**Exercise:** A faithful copy of all the data is required; pictures should not be included.

**Source material:**
★ ★ ★ ★

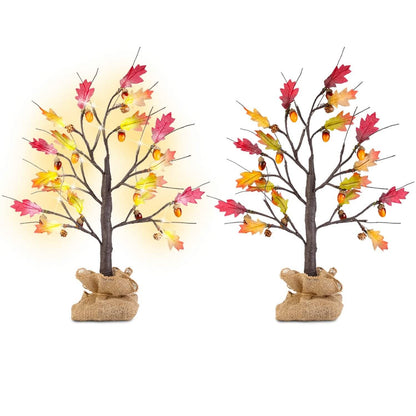 2-Pieces: 2FT Artificial Lighted Maple Tree with 24-Pieces Warm White LED Beads - A-1 Thread Vault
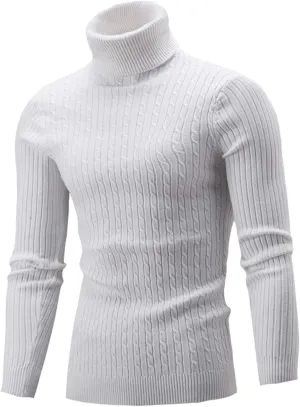 Womens Casual Turtleneck Oversized Knit Sweater Plus Size Winter Clothes Ribbed Knit Sweater Tops Cotton Jumper Blouse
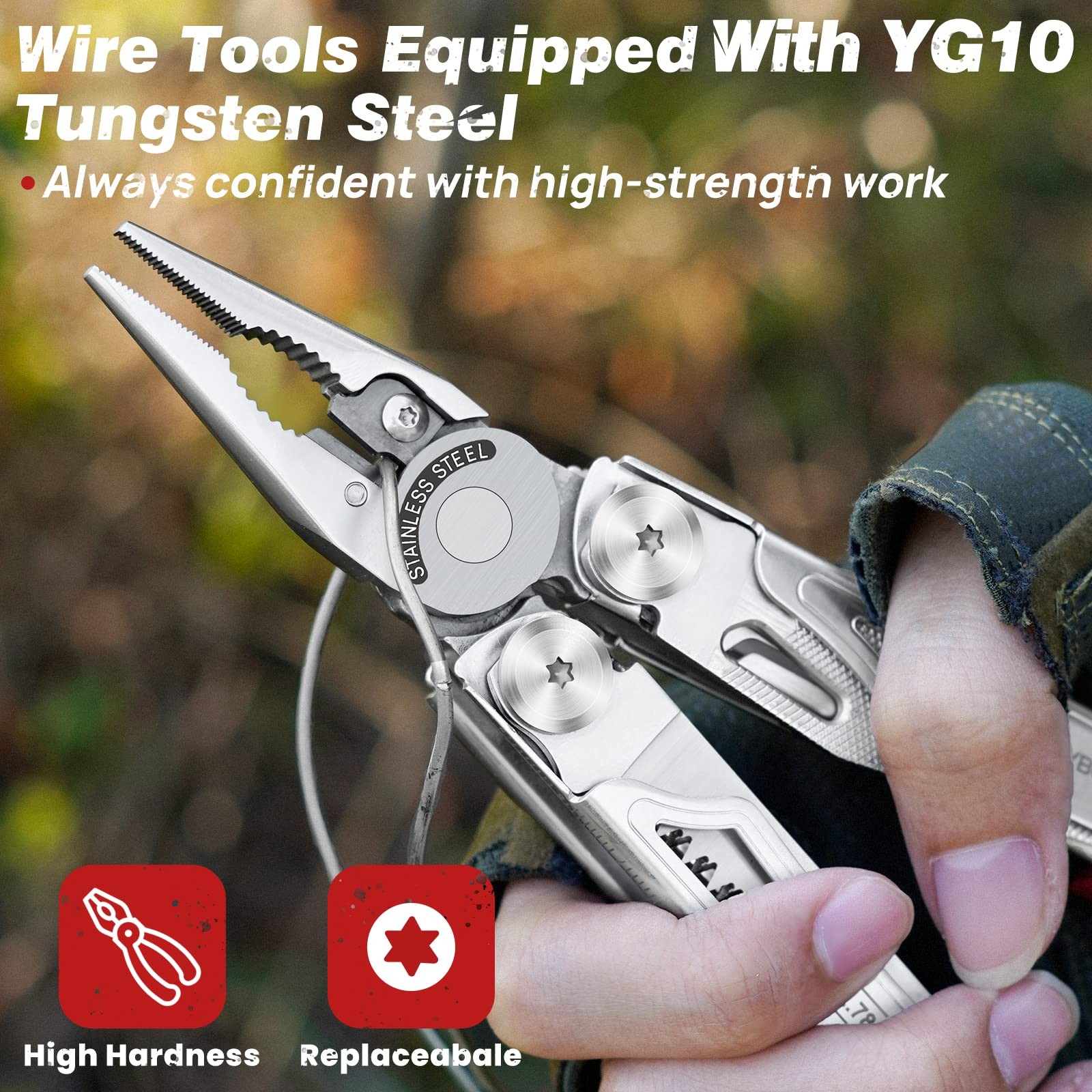 BIBURY 22-in-1 Multitool Pliers Stainless Steel Survival Camping EDC Pocket Tool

★ ★ ★ ★

**Exercise response:**
 2-Pieces: 2FT Artificial Lighted Maple Tree with 24-Pieces Warm White LED Beads - A-1 Thread Vault
 Womens Casual Turtleneck Oversized Knit Sweater Plus Size Winter Clothes Ribbed Knit Sweater Tops Cotton Jumper Blouse
 BIBURY 22-in-1 Multitool Pliers Stainless Steel Survival Camping EDC Pocket Tool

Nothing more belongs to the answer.